These events prompted the religious leaders to ask, “By what authority are you doing these things?” (Matthew 21:23). Jesus eventually answered their question with three parables (Matthew 21:28–22:14). These parables were followed by three questions—one political, one doctrinal, and one hermeneutical (Matthew 22:15-40). In answering their questions about death and taxes, Jesus drew a bead on a new state of mind about those issues.
A Political Question Underlining Value
The Pharisees’ motives were clear. They tried to trap him in his words. Disciples of the Pharisees teamed up with the Herodians (strange bedfellows) to pose a political question to Jesus. It is unclear if their initial compliment was genuine or whether it was smoke and mirrors. Either way, their first assertions were true. Jesus was a man of integrity, taught the way of God, was not swayed by others, and paid no attention to who people were (literally, “did not regard the face of man”).
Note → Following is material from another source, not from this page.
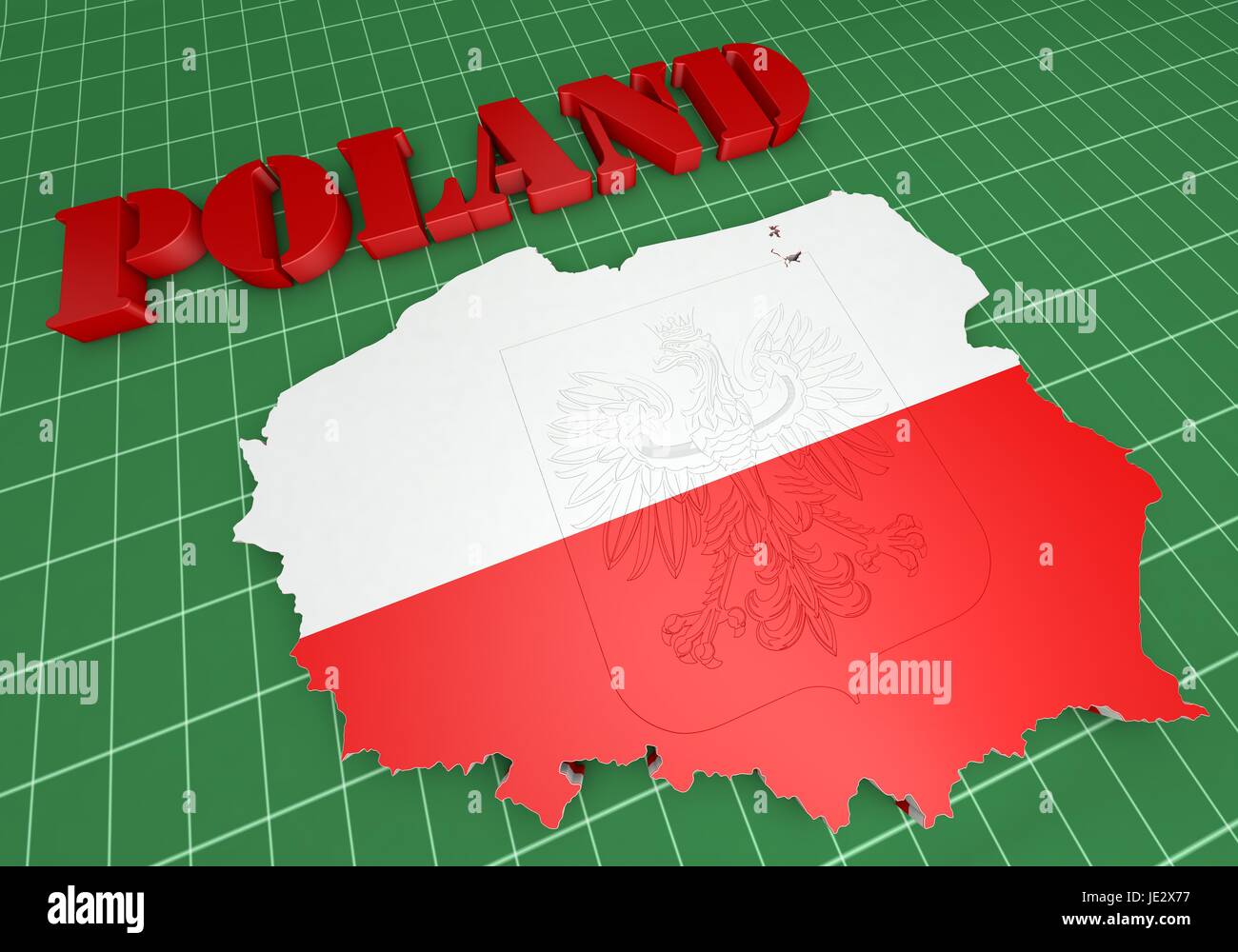Mappa 3D illustrazione della Polonia con bandiera e stemma Foto Stock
For a Jew, the imperial tax question was loaded. The Jews obviously were being oppressed by Roman occupation. If Jesus sided with Caesar, he would pit himself against the Jews. If he sided with the Jews, he would look like a political rebel—a charge they would later trump up with success (Luke 23:2). Jesus saw through their ploy; he knew their evil intent. He called them out—“Hypocrites” (play actors)—and drew attention to their deceitful motives. But he answered them directly.
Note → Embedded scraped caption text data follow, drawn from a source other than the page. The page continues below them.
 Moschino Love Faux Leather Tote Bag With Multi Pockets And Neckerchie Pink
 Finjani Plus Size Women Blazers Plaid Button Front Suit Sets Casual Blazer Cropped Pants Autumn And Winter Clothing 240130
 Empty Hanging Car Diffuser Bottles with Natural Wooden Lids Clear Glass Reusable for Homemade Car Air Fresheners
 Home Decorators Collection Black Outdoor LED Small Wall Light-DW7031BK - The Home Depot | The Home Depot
Jesus called for a coin. By producing a denarius, the Pharisees indicated they had accepted Roman rule to some extent. More than one-third of their income went to pay taxes. But that fact was not as offensive as the coin itself; it read, “Tiberius Caesar, son of divine Augustus” on one side, and “The most high priest” on the other (Mark Moore, The Chronological Life of Christ, p. 517). Jesus drew attention to both the image and the inscription. They acknowledged that Caesar’s image was on the coin.
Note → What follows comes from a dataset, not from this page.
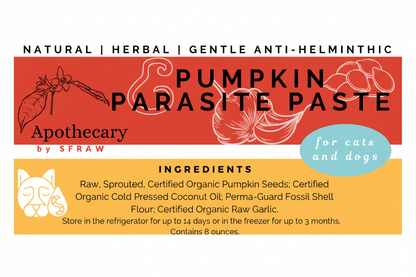 Pumpkin Parasite Paste packaging label with product information and storage details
Jesus’ answer was “evasive, brilliant, and condemning” (Moore, p. 517). Give to Caesar and give to God. Jesus was not saying that these two competing governments were equal. In fact, John Ortberg (in Who Is This Man?) suggested that Jesus actually called for a limited government. But Christians pay taxes (normally on April 15) because citizens of the kingdom of God are the best citizens of the kingdom of men (Philippians 3:20; 1 Peter 2:17).
A Doctrinal Question Underlining Life
Having seen Jesus shut down the Pharisees, that same day the Sadducees stepped up to the plate. Even though they did not believe in the concept of resurrection (or angels or spirits—Acts 23:8), they posed a doctrinal question to Jesus. While the Pharisees’ question championed Caesar, the Sadducees’ question championed Moses. (The Sadducees, of course, accepted the books of Moses as authentic Scripture.)
Their question was clearly hypothetical. While having some basis in Deuteronomy 25:5 (which addressed raising up offspring for a deceased brother in the same household), their question was quite bizarre. A man died childless. The widow married through the family seven (literal or symbolic?) times. In the resurrection whose wife will she be?
Jesus called them out, offered a bit of insight into the resurrected life, and nailed their hide to the wall by using the texts they did accept as Scripture to prove them wrong. Their question showed their ignorance of Scripture and their lack of faith in the power of God. Resurrected life will be life lived at other levels. Marriage and intimacy will not be necessary in Heaven.
Our knowledge of Heaven is limited to what the Bible says. We should be careful about assuming this text teaches that husbands and wives will not know each other in Heaven. Finally, Jesus asserted that Heaven is filled with living people (Abraham, Isaac, and Jacob)—not dead people.
The crowd was amazed (marveled) at Jesus’ answer to the Pharisees, and they were astonished at his answer to the Sadducees. Taxes and the future can cause us anxiety. But they can also display what we value and how we view life.